Capture by the Japanese
Spies for FDR
Some authors have claimed Earhart was captured in the South Pacific Mandate area by the Japanese. An archaeological dig on Tinian in 2004 failed to turn up any bones at a location rumored since the close of World War II to be the two aviators’ grave. Purported photographs of Earhart during her captivity have been identified as having been taken before her final flight. Amy (Otis) Earhart first heard similar rumors days after Amelia’s disappearance. A World War II-era movie called Flight for Freedom, starring Rosalind Russell and Fred MacMurray has helped further the popular myth that Earhart was spying on the Japanese in the Pacific at the request of the Franklin Roosevelt administration By 1949, both the United Press and US Army Intelligence had concluded these rumors were groundless. Some researchers have noted the possibility that for wartime propaganda purposes, the US government may have tacitly encouraged (or was indifferent to) false rumors that Earhart had been captured by the Japanese.
Tokyo Rose rumor
Another rumor claimed Earhart had been forced to make propaganda radio broadcasts as one of the many women known as Tokyo Rose. According to several biographies of Earhart, George Putnam investigated this rumor personally but after listening to recordings of numerous Tokyo Roses he was unable to recognize her voice among them.

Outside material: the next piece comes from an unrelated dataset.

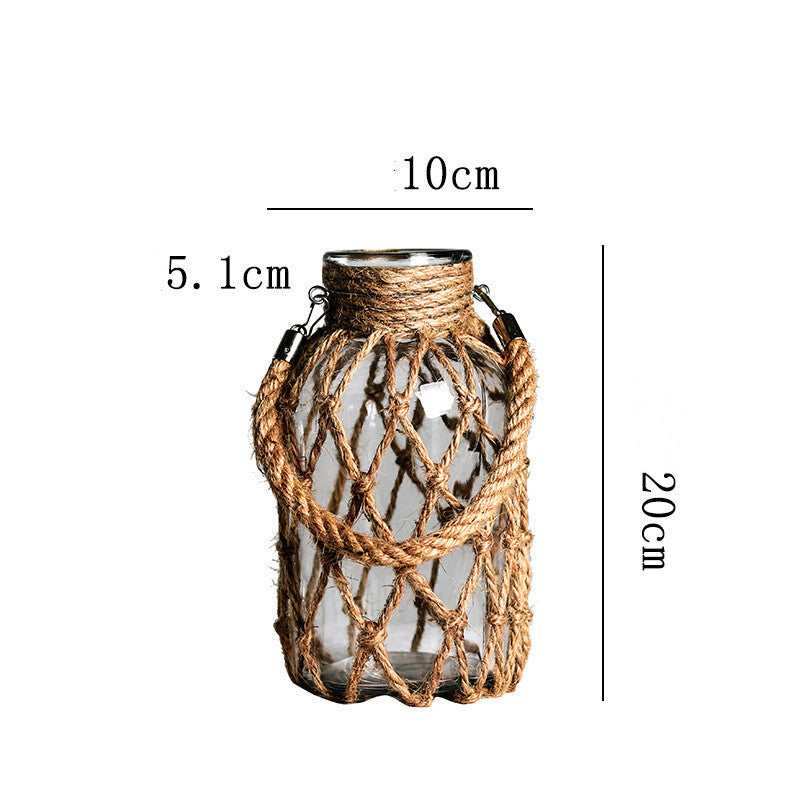 Hand-woven Hemp Rope Glass Transparent Vase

Jackie Cochran (herself a pioneer woman aviator and one of Earhart’s best friends) made a postwar search of files in Japan and similarly dismissed the theory of Japanese involvement in the Earhart disappearance.
Saipan prison claims
In 1966, CBS Correspondent Fred Goerner wrote a book claiming Earhart and Noonan were captured and executed when their airplane crashed in the Saipan archipelago while it was under Japanese occupation. Thomas E. Devine (who served in a postal Army unit) wrote Eyewitness: The Amelia Earhart Incident which includes a letter from the daughter of a Japanese police official who claimed her father was responsible for Earhart’s execution. Former U.S. Marine Robert Wallack claimed he and other soldiers opened a safe on Saipan and found Earhart’s briefcase. Former US Marine Earskin J. Nabers claimed that while serving as a wire operator on Saipan in 1944, he decoded a message from naval officials which said Earhart’s plane had been found at Aslito AirField, that he was later ordered to guard the plane and witnessed its destruction. No support for any of these claims has ever emerged among historians.
Assuming another identity
In November 2006, the National Geographic Channel aired episode two of the Undiscovered History series about a claim that Earhart survived the world flight, moved to New Jersey, changed her name, remarried and became Irene Craigmile Bolam. This claim had originally been raised in the book “Amelia Earhart Lives” (1970) by Joe Klaas. Irene Bolam had been a banker in New York during the 1940s, denied being Earhart, filed a lawsuit requesting $1.5 million in damages and submitted a lengthy affadavit in which she refuted the claims. The book’s publisher, McGraw-Hill, withdrew the book from the market shortly after it was released and court records indicate that they made an out-of-court settlement with her. Subsequently, Bolam’s personal life history was thoroughly documented by researchers, eliminating any possibility she was Earhart. Kevin Richland, a professional criminal forensic expert hired by National Geographic, studied photographs of both women and cited many measurable facial differences between Earhart and Bolam.